There are several ways to access already known data from current record, e.g.:
record.tag - the name of root tag (i.e. record name).
record.find(xpath) - returns first found (or None) record’s sub-tag using relative, simplified xpath.
e.g. record.find(‘.//TIME’) - searches record tree and returns first found <TIME …/> tag.
record.findtext(xpath) - as above but returns .text attribute (see below) of found tag (or raise Exception if tag is not found)..
record.xpath(xpath) - evaluate full absolute xpath expression on record (i.e. return list of matched tags, or string, number etc. - depands on xpath).
e.g. record.xpath(‘/Gampdf_winNbrs/winSet’) - returns list of all winSet subtags of root Gampdf_winNbrs tag.
On record and also on tags returned by above methods the data associated with tag may be obtained using:
tag.tag - tag name (i.e. field name)
tag.text - text that is contained between opening and closing tag (usually data value)
tag.keys() - iterable containing tag attbibute names
tag[‘attrib’] - the value of tag attribute named ‘attrib’; raise Exception if tag does not contain ‘attrib’ atribute.
tag.get(‘attrib’) - as above but returns None if no such attribute.

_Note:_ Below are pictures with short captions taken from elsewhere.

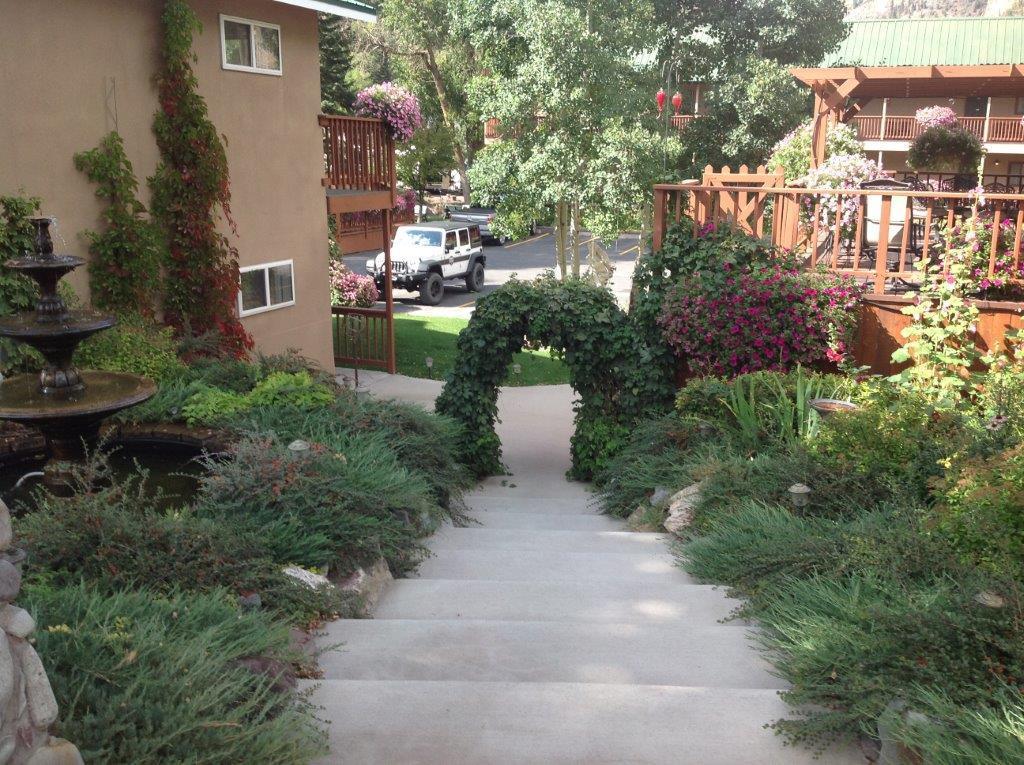 Rivers Edge Motel Lodge & Resort Ouray Esterno foto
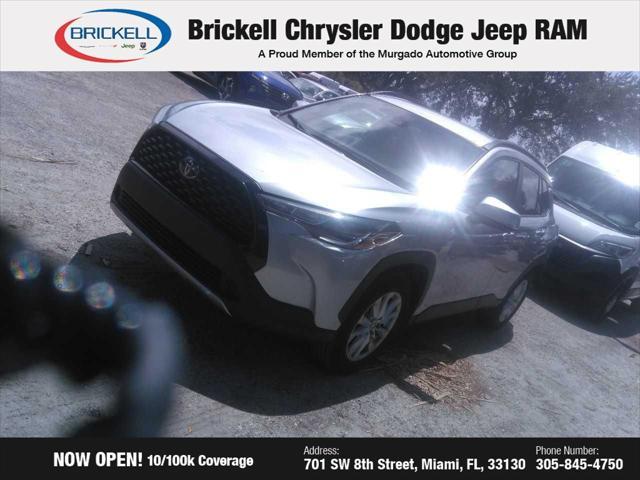 used 2022 Toyota Corolla Cross car, priced at $21,152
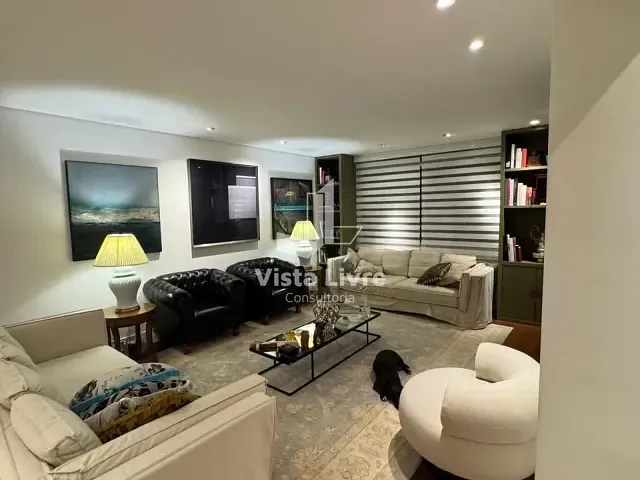 Apartamento com 173m² 2 quartos e 3 banheiros, à venda, no bairro Itaim Bibi em São Paulo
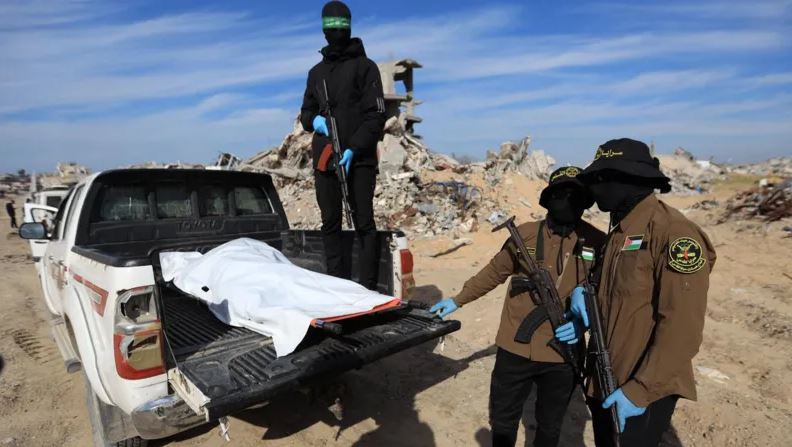 गाजाका सबै बन्धकको शव पहिचान गरिएको इजरायली सेनाको दावी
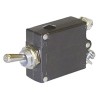 TE Connectivity Thermal Circuit Breaker 30A, 1-Pole, Direct Mount, Toggle Switch Reset W31-X2M1G-30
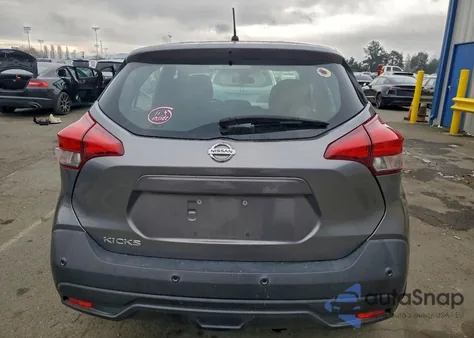 2020 Nissan Kicks S from USA, damaged, VIN 3N1CP5BV2LL483130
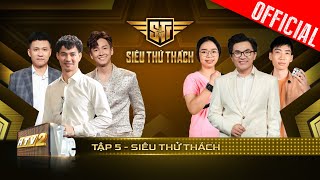 SIÊU THỬ THÁCH Tập 5 - Ngô Kiến Huy cuốn theo từng nhịp thở với màn bịt mắt giải rubik dưới nước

record.insert(0, newtag) - inserts new tag at begining of record
etree.SubElement(record, ‘NEWTAG’) - inserts new tag at and of record
See lxml package for more documentation.
This method should return combination of following bits:
WRITE - to cause program to pass record to Writer for writting to output
REPEAT - to cause program to call filterRecord with the same record (instead or reading next record from input). This is used to produce / create new records. This option should be used with caution to avoid infinite loop (i.e. Filter should mainain its own replication counter and stop returning REPEAT at some point).
BREAK - to cause program to break process on this record (i.e. Reader will not read next record). In case when REPEAT | BREAK is returned, the REPEAT bit takes precedence.
or return SKIP (0) - what will cause that record will be skiped (will not be passed to Writer).
setFooter(footer)[source]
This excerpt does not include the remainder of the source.